Tabel 1. Tema dan subtema yang diidentifikasi melalui RTA.
Pertanyaan penelitian Tema Subtema
Hambatan untuk terlibat Stigma
Faktor program
Faktor lingkungan Selingan
Prioritas yang bersaing
Meningkatkan keterlibatan Faktor program Penguatan positif
Personalisasi
Faktor pendukung Pengingat
Opsi dukungan

2.1 Hambatan Keterlibatan
Para peserta menjelaskan tiga hambatan umum terhadap keterlibatan, yaitu (1) stigma, (2) faktor program, dan (3) faktor lingkungan.

2.1.1 Stigma
Meskipun privasi dan anonimitas merupakan manfaat iCBT, para remaja menggambarkan stigma sebagai hambatan untuk terlibat, khususnya jika mereka harus menyelesaikan program di hadapan orang lain. Para remaja berbicara tentang perasaan “malu,” “dihakimi atau tidak nyaman,” dan takut bahwa “orang-orang mungkin tahu bahwa saya menderita kecemasan,” baik di lingkungan sekolah maupun rumah. Hal ini kemudian menghalangi keterlibatan mereka dalam BRAVE Self-Help. Misalnya, AS, seorang perempuan berusia 17 tahun, yang menyelesaikan BRAVE Self-Help di lingkungan sekolah, mencatat, “Anda tidak ingin diberi label atau dikarakterisasi sebagai anak yang cemas/depresi di kelas, dan Anda menjadi anak yang sedih, dan semua orang mulai memandang Anda secara berbeda.” Di sini, AS menyoroti stigma yang melekat pada penyelesaian program iCBT, dan keinginan untuk menyesuaikan diri dengan norma untuk tidak mencari intervensi kesehatan mental, bahkan saat dilakukan secara daring. Seorang laki-laki, berusia 17 tahun, menambahkan, “Ada stigma sosial tentang kesehatan mental. Saya lebih dari yakin bahwa itu bukan hanya sekolah saya, tetapi sekolah-sekolah di seluruh negeri.” Para remaja yang lebih muda berbagi perspektif serupa, dengan HG yang berusia 12 tahun yang menyatakan bahwa “Terkadang orang tidak memiliki kepercayaan diri untuk menghubungi orang lain jika mereka mengetahuinya.”
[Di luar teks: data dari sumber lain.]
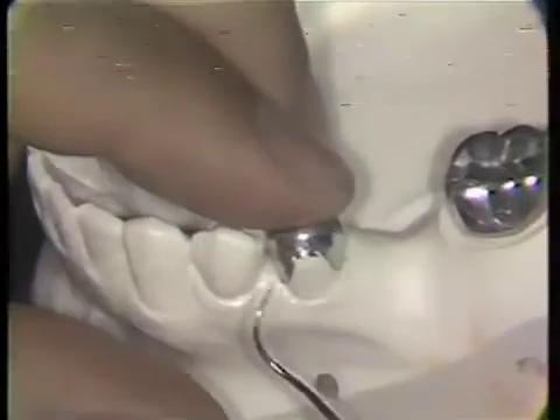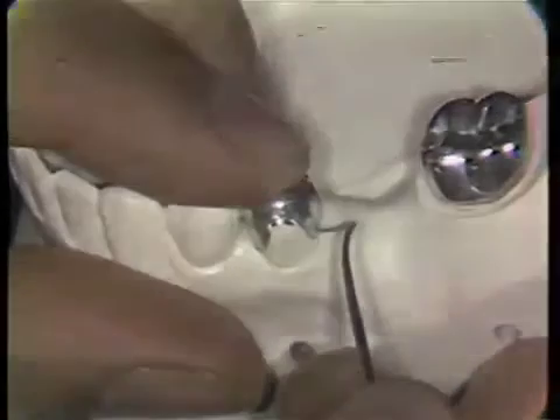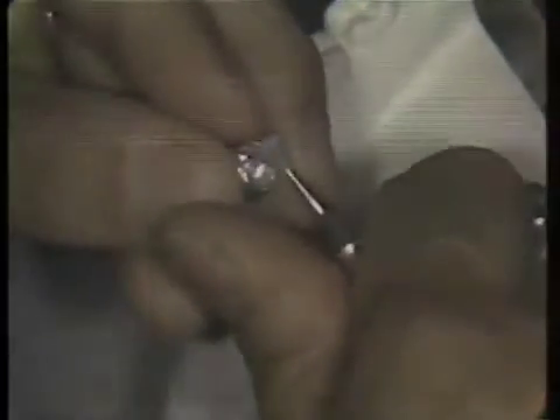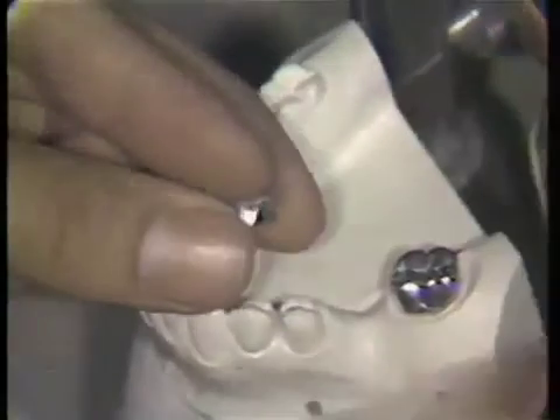The trimmed crown is tried back on the tooth, and the cervical limits are reevaluated for any changes in cervical contour and length. A crown and bridge contour pliers can be used to burnish the cervical margin. A green stone is used to remove any roughness on the cervical margin, and a rubber kratex or salsi is used to obtain a smooth polish. The crown is tried back on the tooth to assure adequate fit.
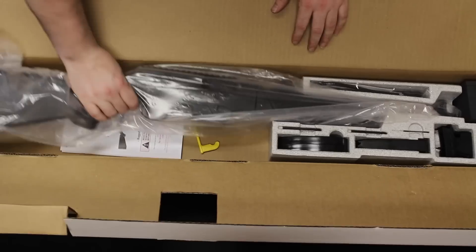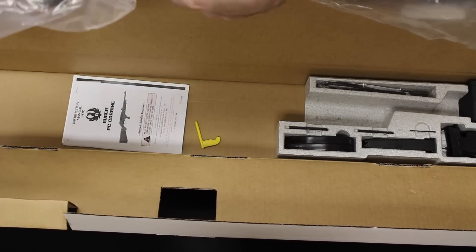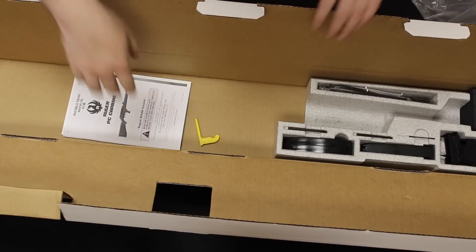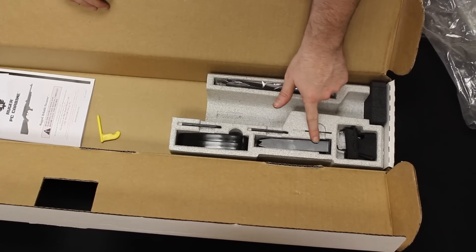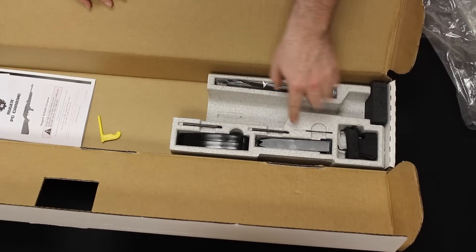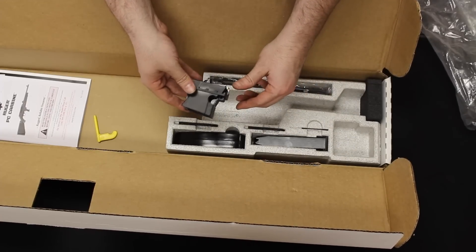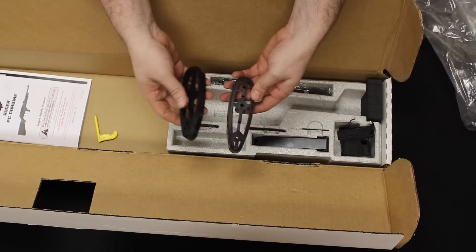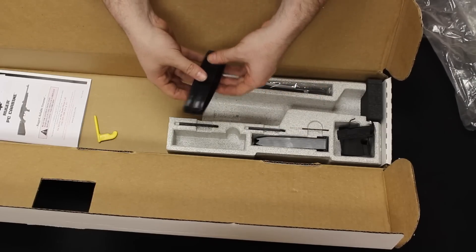On the inside of the Ruger box, you will see the carbine in a black plastic sleeve. Here's your warranty information and paperwork, your 17-round SR9 magazine, gun cable lock, and a couple of Allen keys — one for basic disassembly and others for further disassembly. There is also a magazine well adapter for Glock magazines, which I'll show you how to install later. The carbine also comes with three half-inch butt plates to extend the length of pull for different shooters.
Beberapa peserta menyatakan bahwa ruang privat akan mengurangi stigma yang melekat pada keterlibatan. Sebagai contoh, HG menyatakan bahwa dalam konteks sekolah, “Jika mereka dapat menemukan tempat yang aman untuk melakukannya di sekolah atau dengan konselor di ruang privat, mereka mungkin merasa lebih nyaman untuk memulai dan menyelesaikan program.” Sementara itu, CB yang berusia 16 tahun berkomentar tentang betapa sulitnya melakukan program di rumah karena mereka tidak memiliki, “…ruang privat untuk dapat duduk di sana,” dan mereka memiliki “saudara kandung di dekatnya.” Di sini, para remaja menyoroti bahwa anonimitas dan kerahasiaan program iCBT hanya berlaku sampai batas tertentu, dan stigma tersebut tetap menjadi perhatian bagi para remaja, setidaknya ketika disampaikan di lingkungan yang tidak sepenuhnya privat.

2.1.2 Faktor Program
Faktor-faktor yang terkait dengan program iCBT itu sendiri, termasuk desain program, konten, dan lamanya program, juga diungkapkan oleh para peserta sebagai hambatan keterlibatan. Beberapa peserta berbicara tentang bagaimana program tersebut dialami sebagai sesuatu yang monoton dan berulang-ulang yang mengakibatkan mereka tidak menyelesaikan program atau sesi. Seorang perempuan berusia 15 tahun juga berkomentar tentang bagaimana desain program tersebut tidak menarik bagi mereka, khususnya terkait dengan avatar yang digunakan dalam program tersebut, “Itu tidak menjadi lebih sulit, itu hanya menjadi sedikit membosankan dan sangat berulang-ulang, jadi saya berhenti. Saya pikir bagi sebagian orang karakter dan skenario itu bagus, tetapi bagi yang lain, itu agak terlalu muda bagi mereka.” Ketika berbicara tentang mengapa dia menghentikan program lebih awal, RL, berusia 12 tahun berbicara tentang sifat program yang berulang-ulang dan desain program.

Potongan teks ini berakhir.